West African Monsoon observed with ground-based GPS receivers during African Monsoon Multidisciplinary Analysis (AMMA)



[1] A ground-based GPS network has been established over West Africa in the framework of African Monsoon Multidisciplinary Analysis (AMMA) in tight cooperation between French and African institutes. The experimental setup is described and preliminary highlights are given for different applications using these data. Precipitable water vapor (PWV) estimates from GPS are used for evaluating numerical weather prediction (NWP) models and radiosonde humidity data. Systematic tendency errors in model forecasts are evidenced. Correlated biases in NWP model analyses and radiosonde data are evidenced also, which emphasize the importance of radiosonde humidity data in this region.

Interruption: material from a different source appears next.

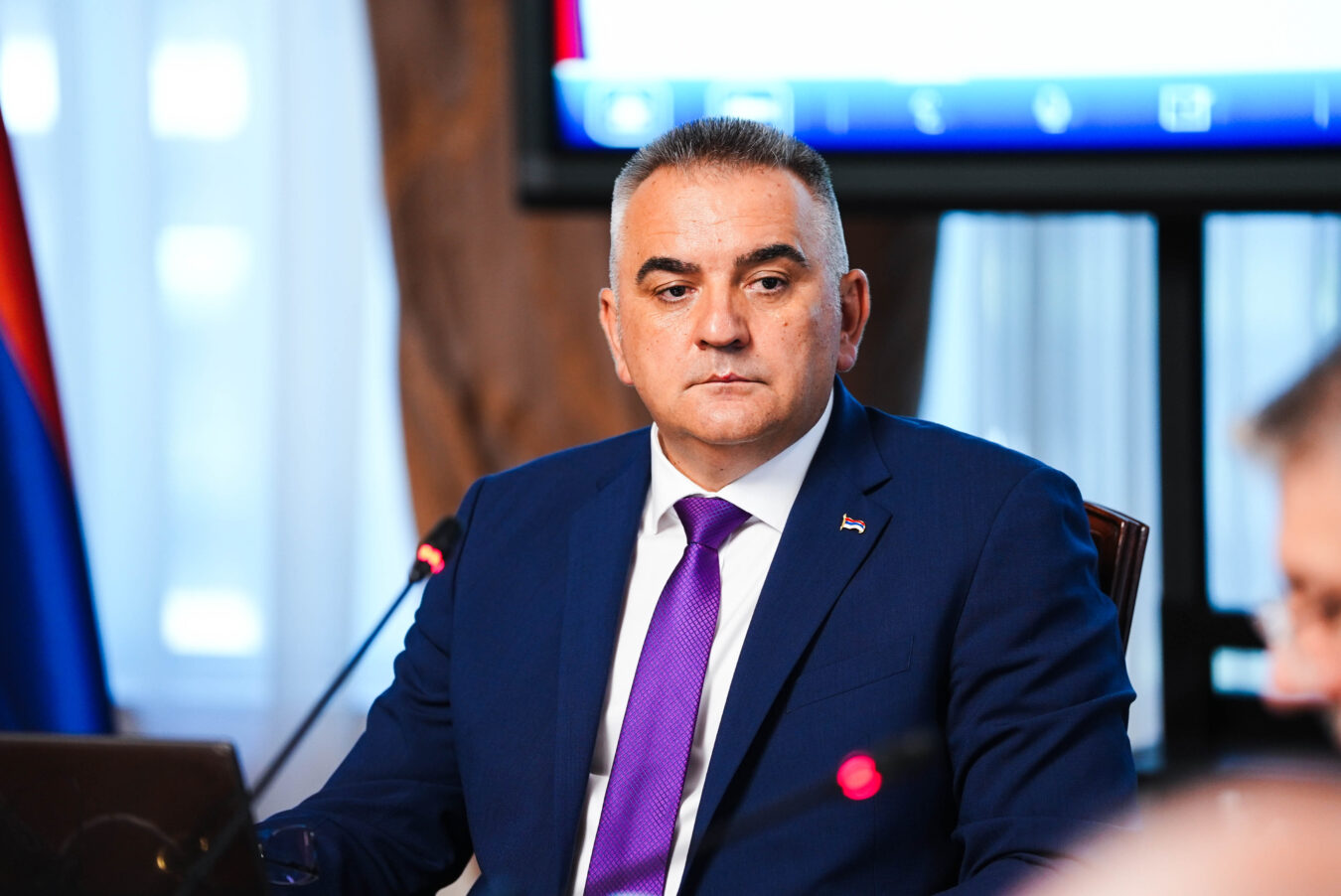 Minić položio vijenac u Spomen-hramu u Tesliću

PWV and precipitation are tightly correlated at seasonal and intraseasonal timescales. Almost no precipitation occurs when PWV is smaller than 30 kg m−2. This limit in PWV also coincides well with the location of the intertropical discontinuity. Five distinct phases in the monsoon season are determined from the GPS PWV, which correspond either to transition or stationary periods of the West African Monsoon system. They may serve as a basis for characterizing interannual variability. Significant oscillations in PWV are observed with 10- to 15-day and 15- to 20-day periods, which suggest a strong impact of atmospheric circulation on moisture and precipitation. The presence of a diurnal cycle oscillation in PWV with marked seasonal evolutions is found. This oscillation involves namely different phasing of moisture fluxes in different layers implying the low-level jet, the return flow, and the African Easterly Jet. The broad range of timescales observed with the GPS systems shows a high potential for investigating many atmospheric processes of the West African Monsoon.